ABOUT THIS EXERCISE: At the line containing "Sol 2569: Mast Camera (Mastcam)", begin an exact copy, and continue through the last line of the entries below. Leave out any pictures.

----

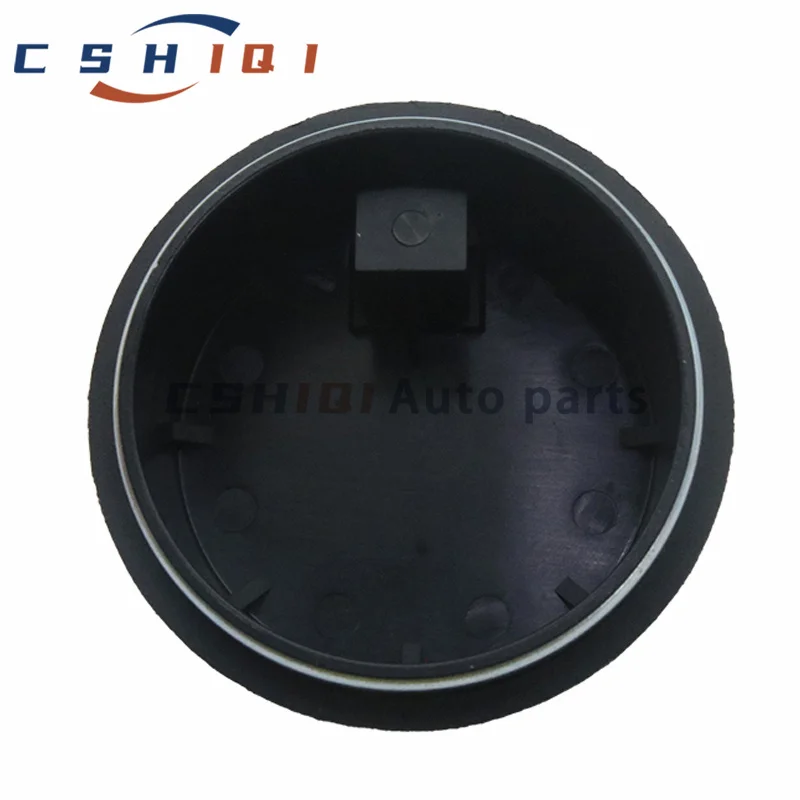 58980-0Q000 Rear Left Right ABS Wheel Speed Sensor For Hyundai Elantra Creta ix25 Kia kx3 k3 2015- 589800Q000 58980 0Q000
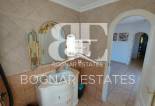 Wiederverkauf - Villa -
Rojales - Ciudad Quesada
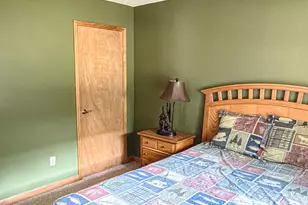 1029 Lakeshore Dr, Lake Ariel, PA 18436 - Photo 49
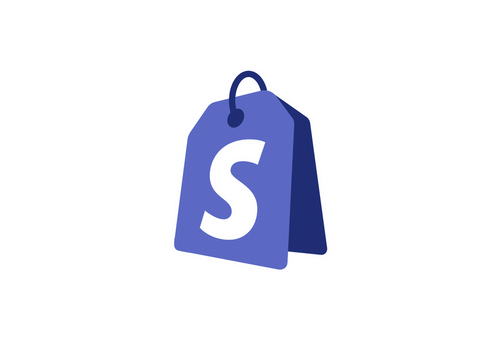 Integrations for Store Pickup + Delivery app Zapiet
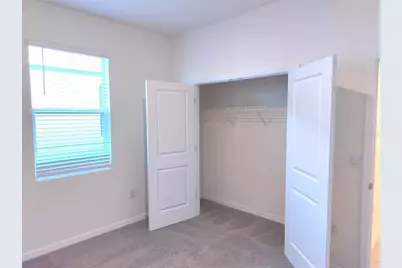 3144 Canopy Oak Boulevard, Wildwood, FL 34785 - Photo 21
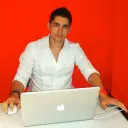 José Miguel Vivas
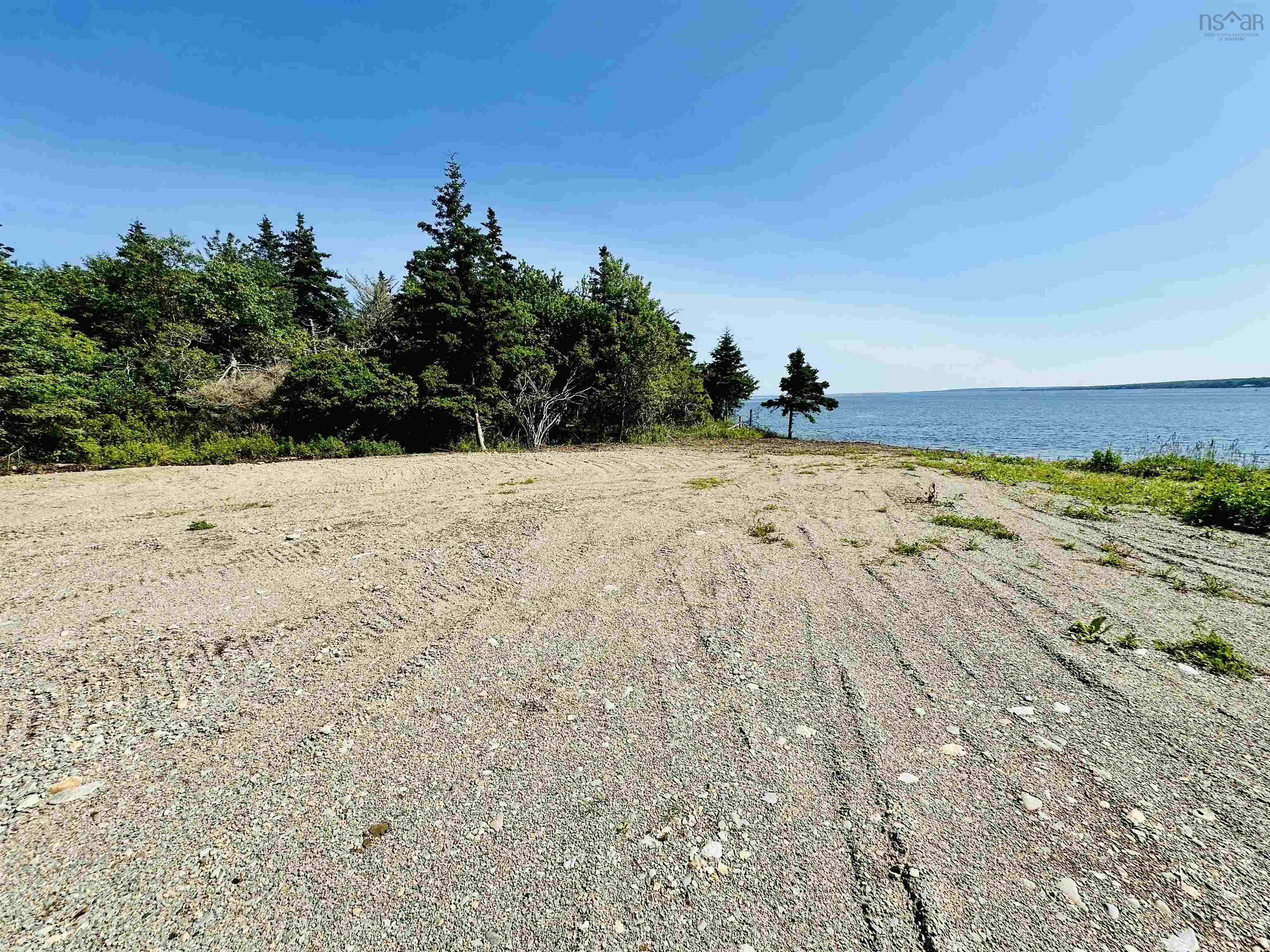 $148,000.00: 1944 Sandy Point Road, Shelburne
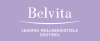 Belvita.it logo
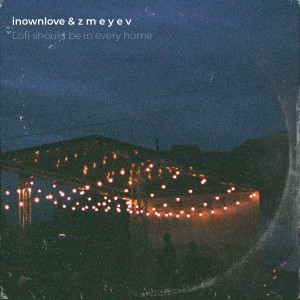 Listen to 90s song with lyrics from Zmeyev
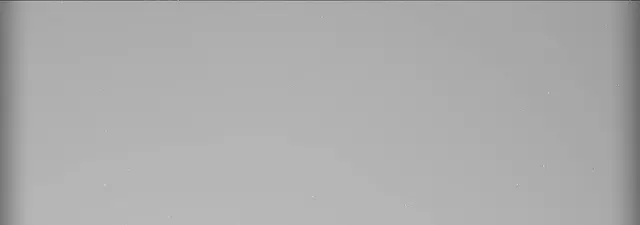 Sol 2569: Mast Camera (Mastcam)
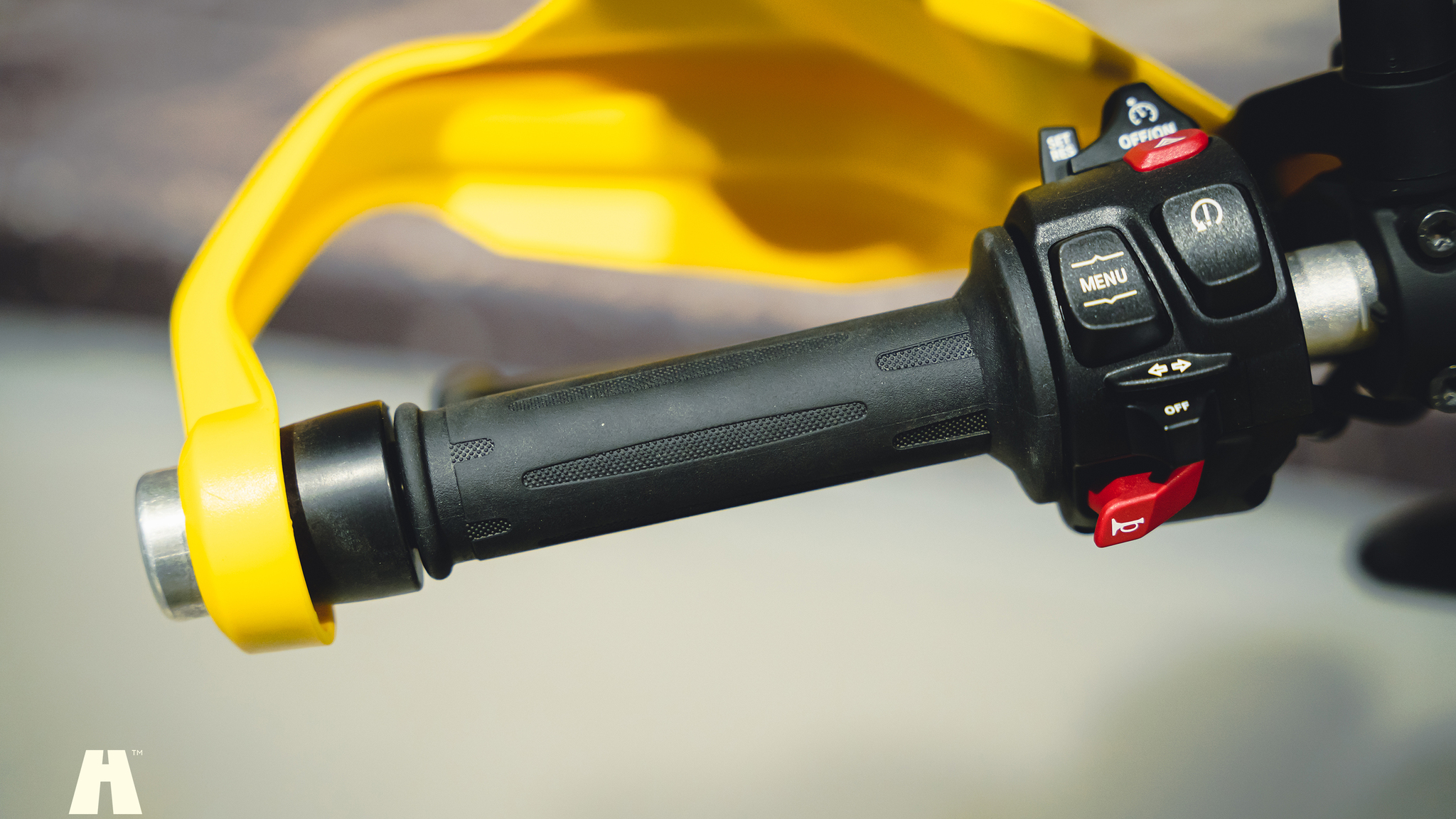 Aussenfoto 2021 BMW R Ninet Urban G/S (53)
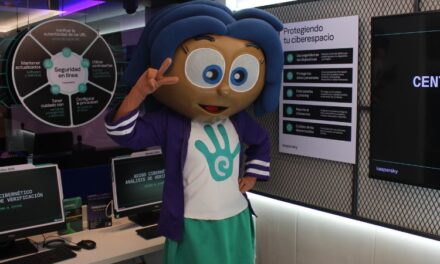 Zpring Pass de KidZania transforma las vacaciones en una experiencia ilimitada para familias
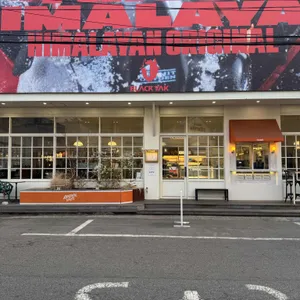 테니 리뷰 사진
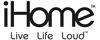 iHomeaudio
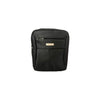 Coveri World - Borsa Tracolla - CW2131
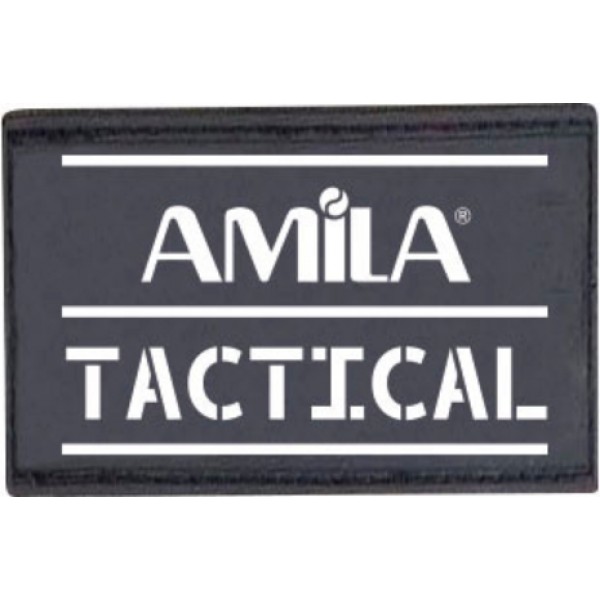 Amila Patch tactical - 95346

----

SOLUTION TO THIS PROBLEM:
 Sol 2569: Mast Camera (Mastcam)
 Aussenfoto 2021 BMW R Ninet Urban G/S (53)
 Zpring Pass de KidZania transforma las vacaciones en una experiencia ilimitada para familias
 테니 리뷰 사진
 iHomeaudio
 Coveri World - Borsa Tracolla - CW2131
 Amila Patch tactical - 95346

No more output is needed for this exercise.